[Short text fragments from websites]
——

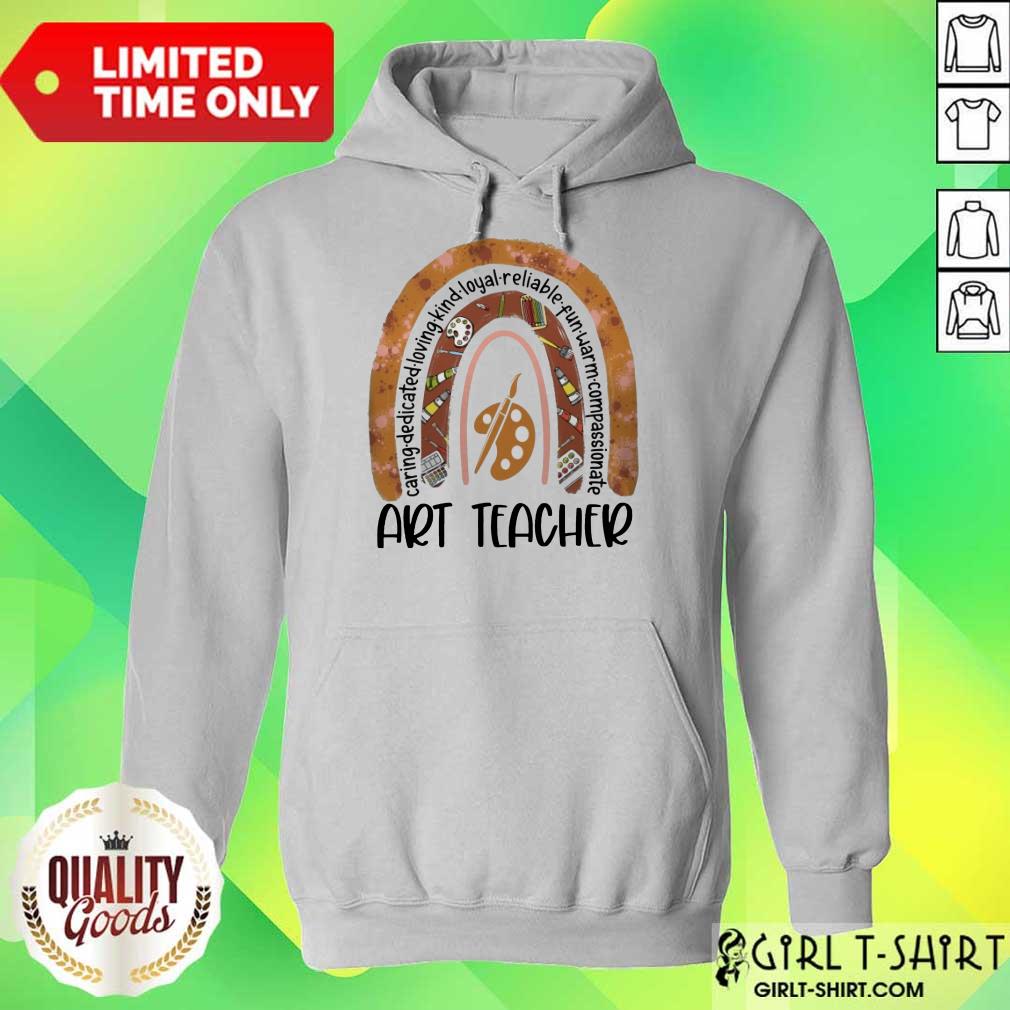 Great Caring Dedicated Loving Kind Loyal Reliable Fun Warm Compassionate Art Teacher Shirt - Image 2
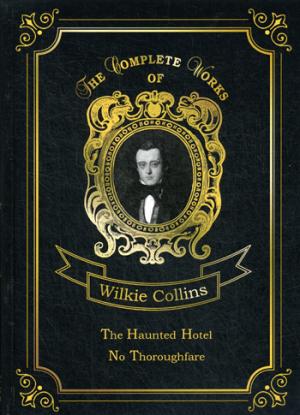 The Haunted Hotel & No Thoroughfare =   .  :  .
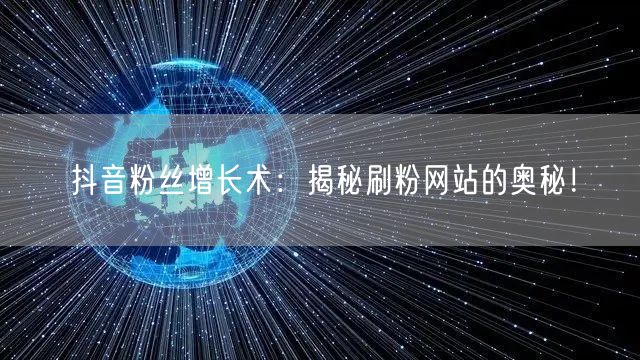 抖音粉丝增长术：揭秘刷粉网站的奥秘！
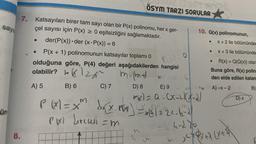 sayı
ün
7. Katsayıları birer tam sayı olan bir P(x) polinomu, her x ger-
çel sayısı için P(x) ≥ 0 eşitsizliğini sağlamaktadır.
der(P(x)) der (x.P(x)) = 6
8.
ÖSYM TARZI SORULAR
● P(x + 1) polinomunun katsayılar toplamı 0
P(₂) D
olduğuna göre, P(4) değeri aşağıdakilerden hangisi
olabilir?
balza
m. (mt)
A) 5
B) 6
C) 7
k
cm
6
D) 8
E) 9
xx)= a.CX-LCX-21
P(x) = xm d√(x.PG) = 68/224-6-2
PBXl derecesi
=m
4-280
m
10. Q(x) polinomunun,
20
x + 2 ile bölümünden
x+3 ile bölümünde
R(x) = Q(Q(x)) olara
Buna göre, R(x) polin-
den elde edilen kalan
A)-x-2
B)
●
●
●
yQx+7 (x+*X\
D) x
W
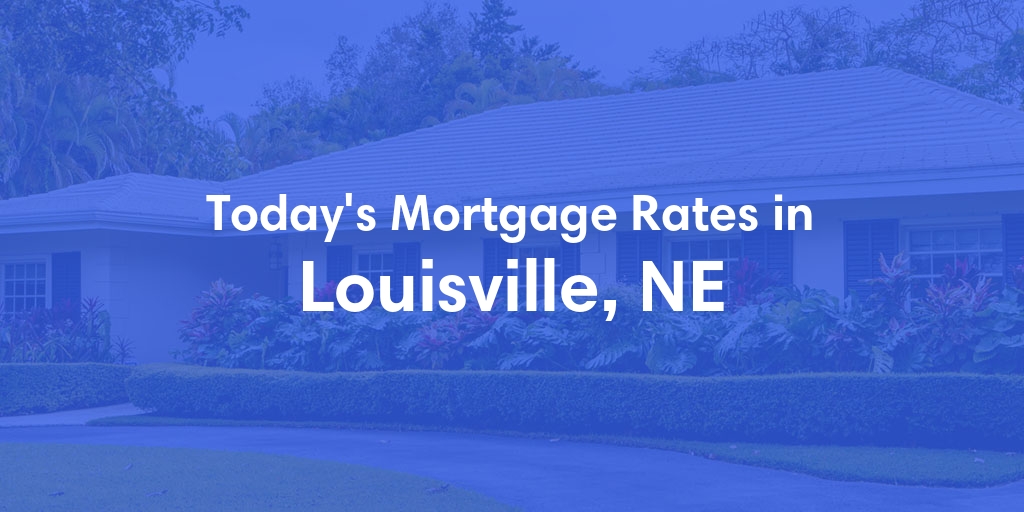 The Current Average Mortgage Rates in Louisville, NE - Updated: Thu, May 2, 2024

——

A word-for-word repetition of the data above, without pictures, is the expected answer.

Response to the exercise =
 Great Caring Dedicated Loving Kind Loyal Reliable Fun Warm Compassionate Art Teacher Shirt - Image 2
 The Haunted Hotel & No Thoroughfare =   .  :  .
 抖音粉丝增长术：揭秘刷粉网站的奥秘！
 sayı
ün
7. Katsayıları birer tam sayı olan bir P(x) polinomu, her x ger-
çel sayısı için P(x) ≥ 0 eşitsizliğini sağlamaktadır.
der(P(x)) der (x.P(x)) = 6
8.
ÖSYM TARZI SORULAR
● P(x + 1) polinomunun katsayılar toplamı 0
P(₂) D
olduğuna göre, P(4) değeri aşağıdakilerden hangisi
olabilir?
balza
m. (mt)
A) 5
B) 6
C) 7
k
cm
6
D) 8
E) 9
xx)= a.CX-LCX-21
P(x) = xm d√(x.PG) = 68/224-6-2
PBXl derecesi
=m
4-280
m
10. Q(x) polinomunun,
20
x + 2 ile bölümünden
x+3 ile bölümünde
R(x) = Q(Q(x)) olara
Buna göre, R(x) polin-
den elde edilen kalan
A)-x-2
B)
●
●
●
yQx+7 (x+*X\
D) x
W
 The Current Average Mortgage Rates in Louisville, NE - Updated: Thu, May 2, 2024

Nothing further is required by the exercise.